そこで、各建築家へ私がインタビューした内容を、順次、こちらに掲載させていただきます。ぜひこちらのページから「底力」を感じていただき、開催中にお越しいただく機会ができましたら、実際のパネル展を観ていただきたいと思っております。(→追記:2020.6.30展示は終了しました)
【建築家 二宮博・菱谷和子氏】
このお宅は、建替えのご計画です。建替えならではの思いもあったと思いますのでお話しをうかがいました。
コンサルタント(以下:CO): 建て替えをするにあたり、建て主の方からのご要望はどのようなものでしたか?
二宮:17年住んできた古家には、都心の住宅地にありながら、大きな中庭がありました。性能上の問題から建替えのご相談をいただきました。
CO: 中庭のある暮らしとは、とてもよい環境にいられたのですね。そんな建替え計画を聞いて、どんなことを考えましたか?
二宮:日々、食事や子供との遊び場として活用されている中庭をよりよいかたちで再生できたらと思いました。
さらに、それが、日当たりや収納、子育てと仕事の両立、自由な間取り、といった機能面の要望をも満足させるような仕掛けになればと思いました。
CO: なるほど。それが、パレットと空庭というアイデアにつながるのですね。とても大胆なアイデアはどのように生まれたのでしょうか?
二宮:元々あった中庭は、いつも空に開かれたものでした。その一方で、30坪ほどの小さな敷地では、間取りを制約する要因にもなっていました。そこで、中庭を空中に持ち上げて空庭とすることで間取りの自由度を確保しました。 また、パレットは大きな床下収納の仕掛けとして思いつきました。

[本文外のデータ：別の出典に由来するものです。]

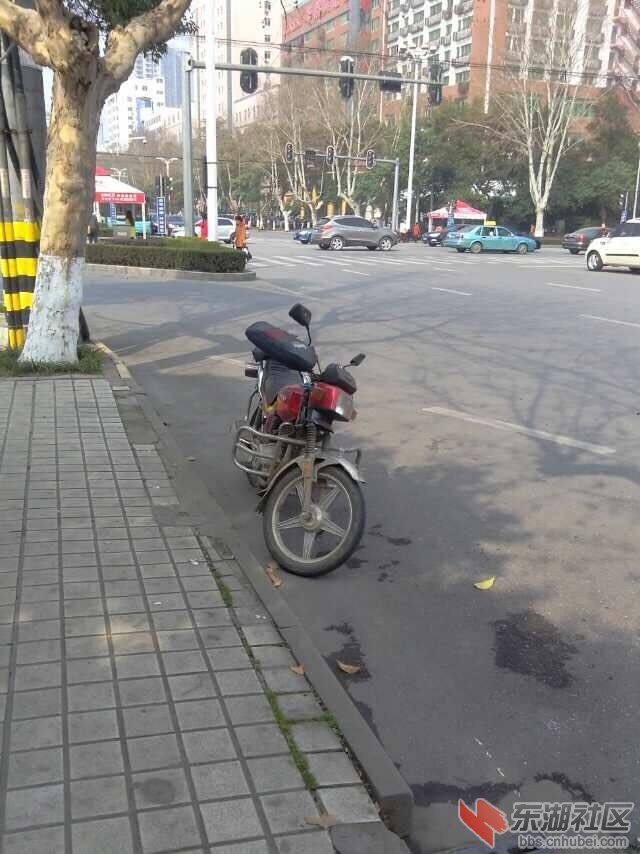QQ图片20150313101055.jpg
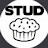 stud muffin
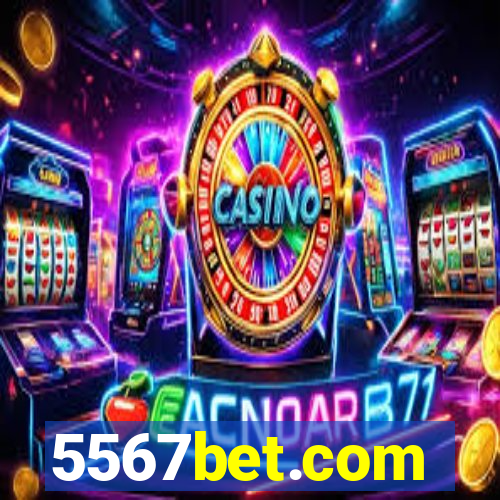 5567bet.com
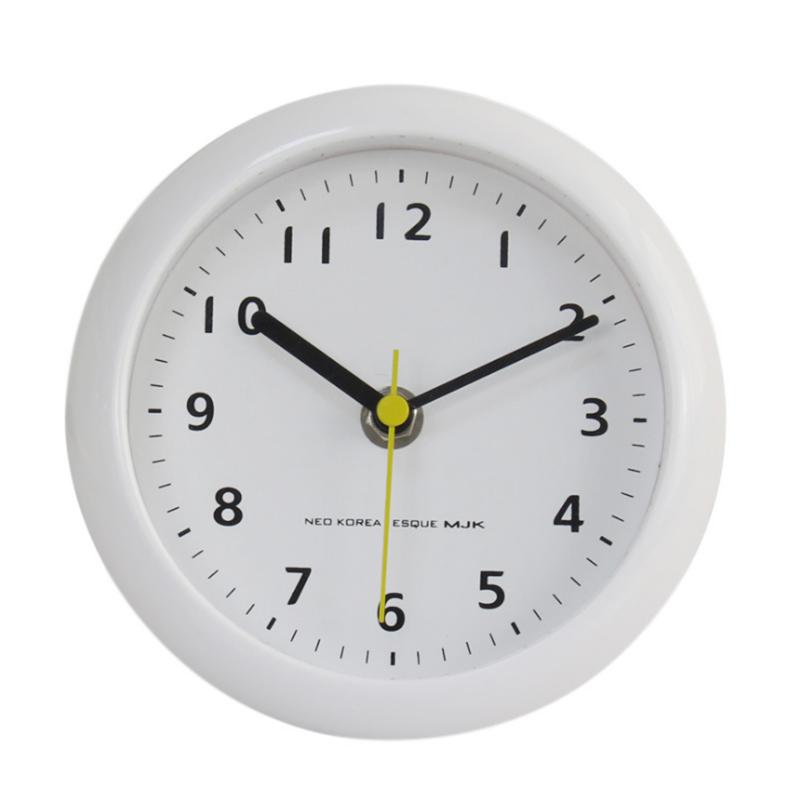 Nordic Fashion White Wall Clock Silent Glass Modern Clocks Wall Home Decor Kitchen Horloge Murale Living Room Decoration
Nordic Fashion White Wall Clock Silent Glass Modern Clocks Wall Home Decor Kitchen Horloge Murale Living Room Decoration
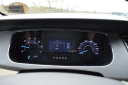 Thumbnail image of 2019 Ford Taurus at Crafts Cars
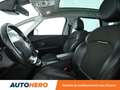 Renault Scenic 1.2 TCe Energy Intens Gris - thumbnail 10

よいアイデアは、住まい手の固有の生活像を綿密にリサーチする中から見つけることができます。
CO: 建て主の方の反応はいかがですか?
二宮:一見して、斬新で面白い空間構成が、実は、要望に極めて忠実で、機能的であることを評価して頂きました。お住まいになられてからも、この空間は想像以上に楽しく子育てや仕事に活用しているというお話をいただきます。
CO:最後に建築家の底力とは?
二宮:私たちは、流行のカタログや既成概念に囚われず、建て主それぞれの現実的な要望に専心して提案をまとめるようにしています。建築申請の際には、前例のない空間で法規や条例にあてはまらず許可がおりるまでに苦労することもありますが、住まい手との対話から生まれたオリジナルなものだけが、魅力的な普遍のデザインに発展していくのだと思います。そうした提案ができることが建築家の力だと思います。
CO:ありがとうございました。